Each of our children, unbeknownst to the others, had placed an envelope on the tree for their dad. The tradition has grown and someday will expand even further with our grandchildren standing to take down the envelope.

Mike’s spirit, like the Christmas spirit will always be with us.

By Nancy W. Gavin

The Pie Lady

“Shared by Carla”

Karen is a gifted pastry chef who, I believe, makes the most delicious baked goods on the planet.  Her creations include cakes, cookies, muffins, breads, and pastries.  However, her favorite things to make are pies.

A couple years ago Karen wanted to show her appreciation to someone she admired, so she decided to bake her a pie.  The lucky recipient was so pleased with the gift that Karen decided to take the giving a step further.  She resolved to bake a pie a day for a year (that’s 365 pies!), find a worthy person to give each to, and blog about it.  Thus, the Pie a Day Giveaway was born!  Her tag line was, ‘Expressing gratitude to friends, family and the Universe with a year of pies.’

So, for the next year, every single day, Karen found a person to appreciate, and baked him/her a pie.  She honored store clerks, non-profit agencies, service people of all kinds, strangers, friends and family. Anybody she came into contact with was a potential recipient.  The beneficiaries had no idea they were on her ‘pie list’ until she showed up at their door, pie in hand.

Karen was so committed to this appreciation project that even when she was on vacation in Mexico, or on a motorcycle trip to the Oregon Coast, she managed to find ingredients and a kitchen and bake a pie. She then found a deserving local person to share it with.  Her commitment and accountability to doing what she said she would regardless of the expense, inconvenience and organizational challenges was remarkable.

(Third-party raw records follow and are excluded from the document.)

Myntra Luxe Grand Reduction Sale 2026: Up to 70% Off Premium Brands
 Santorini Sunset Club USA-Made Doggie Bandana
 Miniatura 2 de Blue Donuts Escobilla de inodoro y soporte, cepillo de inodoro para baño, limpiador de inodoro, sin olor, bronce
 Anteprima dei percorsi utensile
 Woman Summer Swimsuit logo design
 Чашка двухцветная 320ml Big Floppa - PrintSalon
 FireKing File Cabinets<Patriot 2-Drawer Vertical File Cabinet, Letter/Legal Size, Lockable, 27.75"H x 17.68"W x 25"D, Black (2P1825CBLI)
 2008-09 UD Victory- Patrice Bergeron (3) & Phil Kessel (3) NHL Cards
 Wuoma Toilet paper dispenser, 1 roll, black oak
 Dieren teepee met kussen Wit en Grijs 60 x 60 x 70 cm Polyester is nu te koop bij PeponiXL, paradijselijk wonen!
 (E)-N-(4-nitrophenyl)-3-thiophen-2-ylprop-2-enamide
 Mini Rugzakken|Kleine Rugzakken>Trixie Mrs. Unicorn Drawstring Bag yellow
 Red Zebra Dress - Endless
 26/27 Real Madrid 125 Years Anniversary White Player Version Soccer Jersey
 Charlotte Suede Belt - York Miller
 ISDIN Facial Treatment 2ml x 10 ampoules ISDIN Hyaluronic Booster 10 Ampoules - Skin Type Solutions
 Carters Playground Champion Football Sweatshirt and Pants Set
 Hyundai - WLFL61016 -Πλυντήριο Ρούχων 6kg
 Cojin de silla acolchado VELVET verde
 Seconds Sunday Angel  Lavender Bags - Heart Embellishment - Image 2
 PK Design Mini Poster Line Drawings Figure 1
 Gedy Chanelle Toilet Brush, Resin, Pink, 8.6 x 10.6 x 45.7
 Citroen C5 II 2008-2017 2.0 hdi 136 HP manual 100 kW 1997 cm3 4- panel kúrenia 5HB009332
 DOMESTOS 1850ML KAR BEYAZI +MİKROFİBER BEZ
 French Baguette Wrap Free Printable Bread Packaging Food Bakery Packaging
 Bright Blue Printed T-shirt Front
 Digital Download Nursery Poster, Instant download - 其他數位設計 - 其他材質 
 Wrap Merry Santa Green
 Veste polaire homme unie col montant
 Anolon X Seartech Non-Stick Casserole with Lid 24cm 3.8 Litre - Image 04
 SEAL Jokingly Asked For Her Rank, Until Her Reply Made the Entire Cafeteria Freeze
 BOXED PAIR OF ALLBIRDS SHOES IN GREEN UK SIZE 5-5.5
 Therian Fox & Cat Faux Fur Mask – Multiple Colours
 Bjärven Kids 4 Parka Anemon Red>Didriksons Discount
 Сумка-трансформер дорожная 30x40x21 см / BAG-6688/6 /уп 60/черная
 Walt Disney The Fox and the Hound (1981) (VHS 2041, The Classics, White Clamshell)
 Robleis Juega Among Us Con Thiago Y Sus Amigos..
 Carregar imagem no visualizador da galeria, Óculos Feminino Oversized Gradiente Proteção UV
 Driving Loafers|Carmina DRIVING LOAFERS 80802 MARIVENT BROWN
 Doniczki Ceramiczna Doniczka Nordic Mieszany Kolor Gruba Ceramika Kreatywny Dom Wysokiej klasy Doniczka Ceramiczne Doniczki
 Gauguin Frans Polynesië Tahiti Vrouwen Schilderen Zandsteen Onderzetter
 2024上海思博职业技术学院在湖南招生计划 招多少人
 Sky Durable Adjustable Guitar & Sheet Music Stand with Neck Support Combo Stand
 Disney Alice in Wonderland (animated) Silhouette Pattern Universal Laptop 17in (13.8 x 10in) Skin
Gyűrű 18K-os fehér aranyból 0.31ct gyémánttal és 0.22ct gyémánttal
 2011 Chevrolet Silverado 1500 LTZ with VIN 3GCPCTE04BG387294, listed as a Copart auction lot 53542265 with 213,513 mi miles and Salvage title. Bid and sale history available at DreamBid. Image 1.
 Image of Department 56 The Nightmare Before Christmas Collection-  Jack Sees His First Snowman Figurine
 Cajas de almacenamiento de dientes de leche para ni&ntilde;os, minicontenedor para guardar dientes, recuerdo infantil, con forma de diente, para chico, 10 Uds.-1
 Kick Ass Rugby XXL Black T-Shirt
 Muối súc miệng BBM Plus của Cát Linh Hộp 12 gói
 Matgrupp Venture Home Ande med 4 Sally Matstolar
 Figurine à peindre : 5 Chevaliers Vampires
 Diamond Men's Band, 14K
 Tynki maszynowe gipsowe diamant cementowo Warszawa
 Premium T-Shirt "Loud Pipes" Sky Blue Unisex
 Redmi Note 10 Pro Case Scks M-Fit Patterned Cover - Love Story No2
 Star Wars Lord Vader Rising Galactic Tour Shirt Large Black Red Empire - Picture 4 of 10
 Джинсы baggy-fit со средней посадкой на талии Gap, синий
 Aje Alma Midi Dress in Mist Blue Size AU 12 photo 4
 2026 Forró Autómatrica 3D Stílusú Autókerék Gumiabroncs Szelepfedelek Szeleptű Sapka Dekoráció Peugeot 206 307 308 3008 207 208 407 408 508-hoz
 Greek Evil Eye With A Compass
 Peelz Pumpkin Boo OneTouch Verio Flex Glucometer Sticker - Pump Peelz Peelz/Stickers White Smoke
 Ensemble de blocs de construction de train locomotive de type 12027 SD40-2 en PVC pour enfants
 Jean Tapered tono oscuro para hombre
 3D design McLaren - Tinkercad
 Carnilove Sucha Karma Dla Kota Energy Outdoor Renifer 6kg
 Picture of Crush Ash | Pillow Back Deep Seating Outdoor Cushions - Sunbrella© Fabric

It seems to me that Karen’s Pie a Day Giveaway is a metaphor for what the holiday season is about.  She gave selflessly, with gratitude and appreciation, focusing on other people and how they would be positively affected by her actions.  She shared her talents with the gift of love, generosity and fun.  She carried the holiday spirit throughout the year.

For 12 months Karen showed this spirit with pies.  However, what’s more important is that Karen embodies that giving spirit all year long!  She is a loving, caring soul, who makes the world a beautiful, happy place wherever she goes.

So this month I’m reflecting on how I can live up to Karen’s example by being more loving, appreciative and generous, not only at Christmas, but all year long.